Land and People
Germany as a whole can be divided into three major geographic regions: the low-lying N German plain, the central German uplands, and, in the south, the ranges of the Central Alps and other uplands. The climate is temperate although there is considerable variation. Almost two thirds of the country's extensive forests are coniferous; among the broadleafs, beech predominates.
N Germany, drained by the Ems, Weser, Elbe, and Oder rivers, is heavily farmed, despite poor soil; crops include wheat, rye, barley, oats, potatoes, and sugar beets. Dairy cattle are widely raised, especially in Schleswig-Holstein; pork, beef, and chicken are other livestock products. The region also includes the major industrial and transportation centers of Kiel, Rostock Hamburg, Bremen, Hanover, and Magdeburg, as well as Berlin.
The central uplands include the Rhenish Slate and Harz mts., and the Thuringian Forest. The Rhine River runs through W Germany and, between Bingen and Bonn, flows through a steep gorge, famous for its scenery, vineyards, and castles. Along the northern rim of the Rhenish Slate Mts. lies Germany's chief mining and industrial region, which includes the Ruhr and Saar basins and takes in the cities of Düsseldorf, Duisburg, Krefeld, Essen, Wuppertal, Bochum, Gelsenkirchen, and Dortmund. In the east, industrial centers are located along and near the Elbe River and its tributaries. The major cities include Leipzig, Dresden, Chemnitz, Halle, and Erfurt. The southern section of the Rhineland, which contains the Eifel and Hunsrück mts., is largely agricultural and has famous vineyards, especially in the Moselle valley.

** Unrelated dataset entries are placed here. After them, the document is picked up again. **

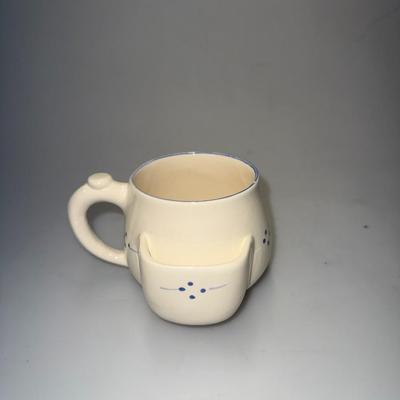 Vintage Pottery by Levine Tea Mug
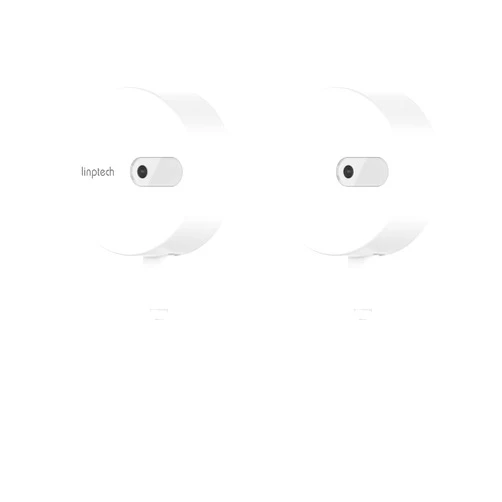 Linptech Tuya Zigbee Presence Sensor + WiFi Human Presence Sensor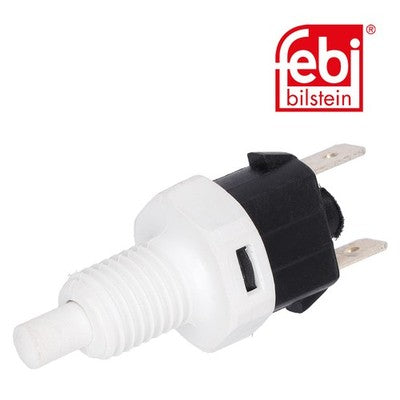 Febi 02822 Brake Light Switch Plastic Premium Fits Opel Senator 1990 - 1993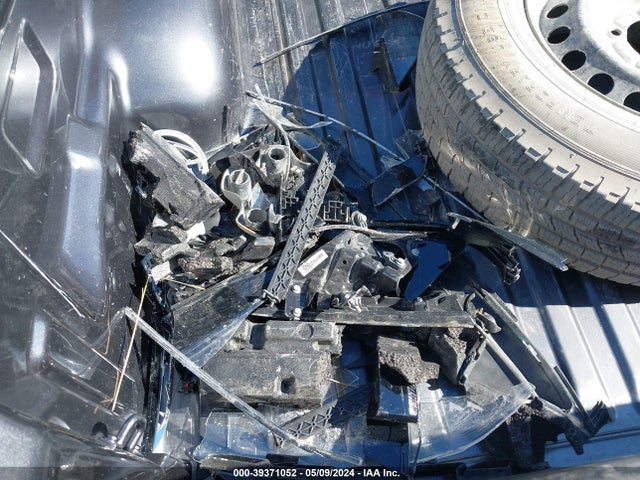 Toyota Tundra Sr5 2021 5TFDY5F18MX006827 Image 12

The southern part of Germany is drained by the Danube, Iller, Lech, Isar, Inn, Neckar, and Main rivers. Rising to the Zugspitze (9,721 ft/2,963 m) in the Bavarian Alps, the highest point in Germany, it consists of plateaus and forested mountains, e.g., the Black Forest, the highlands of Swabia, and the Bohemian Forest. Lake Constance, in the Alps, is a popular tourist area. Notable agricultural products of the region are fruit, wheat, barley, and dairy goods. Important industrial centers include Munich, Frankfurt, Augsburg, Nuremberg, Stuttgart, and Karlsruhe.
About one third of the population is Protestant, mostly in the north, and one third is Roman Catholic, primarily in the south and west. There is a small Jewish minority. About half the population in the area that was formerly East Germany has no religious affiliation. Catholic and Protestant churches and Jewish synagogues receive government support through a church surtax levied on members of these denominations. Virtually all citizens of the country speak German. Danes, Frisians, Romani (Gypsies), and Sorbs or Wends comprise the indigenous non-German-speaking minorities. Since the early 1970s, millions of "guest workers" from other countries (mostly former Yugoslavia, plus Turkey and Italy) have come to Germany for employment. These residents include about 2 million Muslims, mainly Turks and Kurds.